Tennessee Williams' famous play, The Glass Menagerie, is one full of symbolism, and so it should be easy to write a paper on the meaning behind the objects and settings of the play. But the most influential symbols are not inanimate pieces of scenery, but are the character's of the play. After all, characters in literature are nothing more than very lively pieces of setting through which the writer presents his or her theme. The three characters of the Wingfield family, Amanda, Tom, and Laura, each represents a different stereotype of humanity and are therefore the ultimate symbolism in the play.

Amanda Wingfield, the wily albeit annoying mother of Laura and Tom, wants what any mother wants for her children: security. She is, however, from another part of the country than that which her children are accustomed to and, more importantly, from another time. For this reason, she is not only unfit to provide security for her children, but is in some ways a burden to them (Griffin 61). Joven describes Amanda's character quit well: "She is presented as out of touch with reality; she is flighty, and a source of embarrassment to her children" (Joven 53). She represents wishful thinking and the inability to let go of the past. While all the character's seem to be trapped in their own dream worlds, it is Amanda who epitomizes counterproductive fantasizing.

Not truly human but not entirely scenery, character's in a play blur the line between being real people and being mere symbols. For this reason, it is no surprise that the writer often attaches them to certain symbolic places, objects, or actions.
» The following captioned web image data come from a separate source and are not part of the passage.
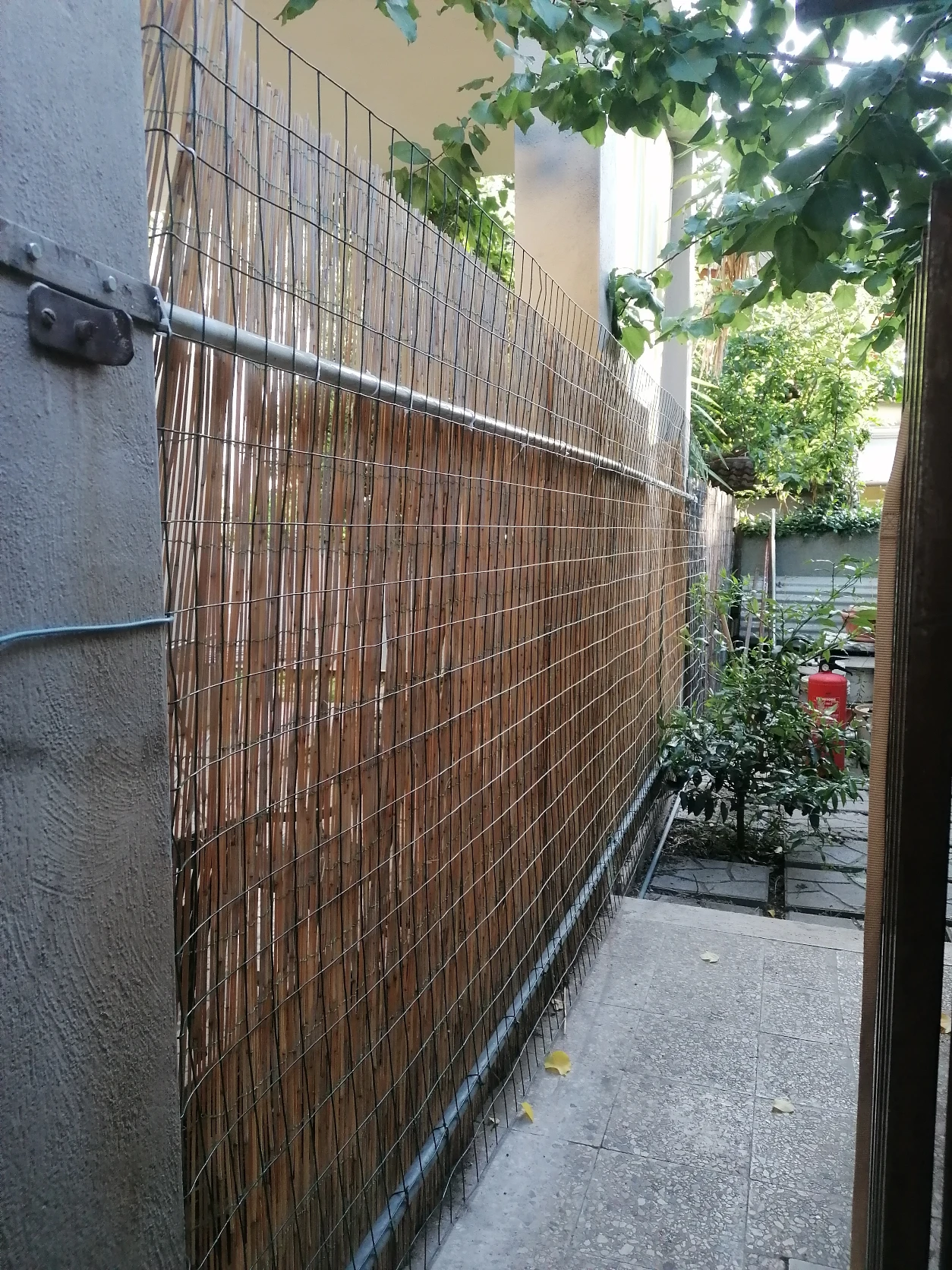 image-29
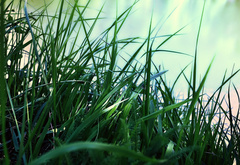 Лето, зелёная, трава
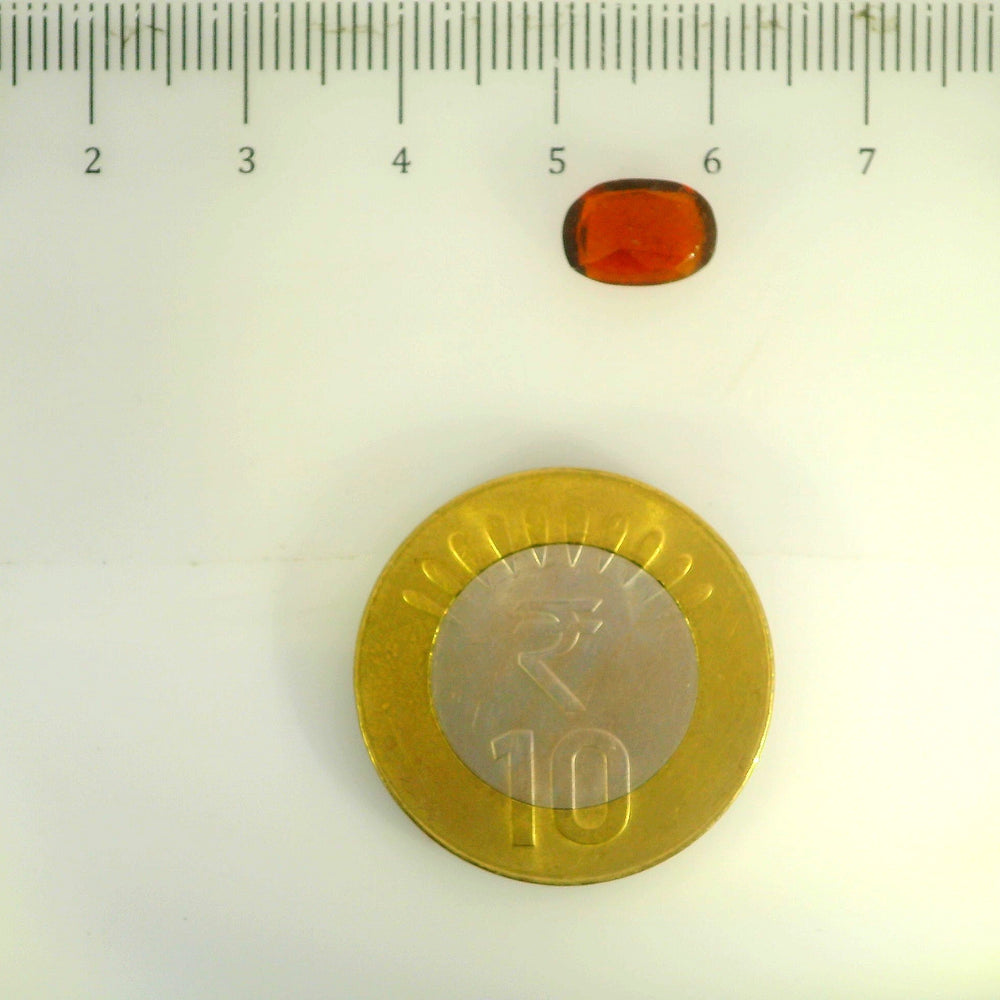 ITLGR_104121_SCALE.webp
Amanda seems to identify with two things: the apartment in which the Wingfields live, and the dinner at the end of the play. The apartment is like a place inside her dream world. Though she doesn't pay the rent, it somehow seems like it's hers. In the apartment, she has full access to her two children and they cannot escape from her. She dictates when it is appropriate to play music, dismisses people form the table, and even offers advice on how to chew properly (Williams 694, 657). There is no place to hide from her or her constant reminiscing about the past. The dinner party at the end of the play presents Amanda in her full element, which up until now, has only been alluded to. She is right back in her teens, in her hometown, charming a gentleman caller like in the good old days (Joven 57). Even Jim, who is rather oblivious to the entire plot comments on her behavior. When she explains that she used to be rather carefree and "gay as a girl" Jim comments, "You haven't changed Mrs. Wingfield." To which even she admits, "Tonight, I'm rejuvenated!" (Williams 693). Somehow, despite the fact that Jim is added to the story to provide a bit of outside reality into the Wingfield's isolated illusion, Amanda manages to be the only member of her family not to learn from the encounter. While Laura gains confidence and Tom gains resolve to leave, Amanda only moves further into her delusions during the scene, showing her utter detachment from reality.

Laura is a shy crippled woman who retains many of the characteristics of a girl due to poor socialization because of her disability (Williams 654). She is clearly representative of people's desire to fit into society. She is caught in an endless loop: shyness from her disability, which leads her to avoid socializing, which causes her not to know how to socialize.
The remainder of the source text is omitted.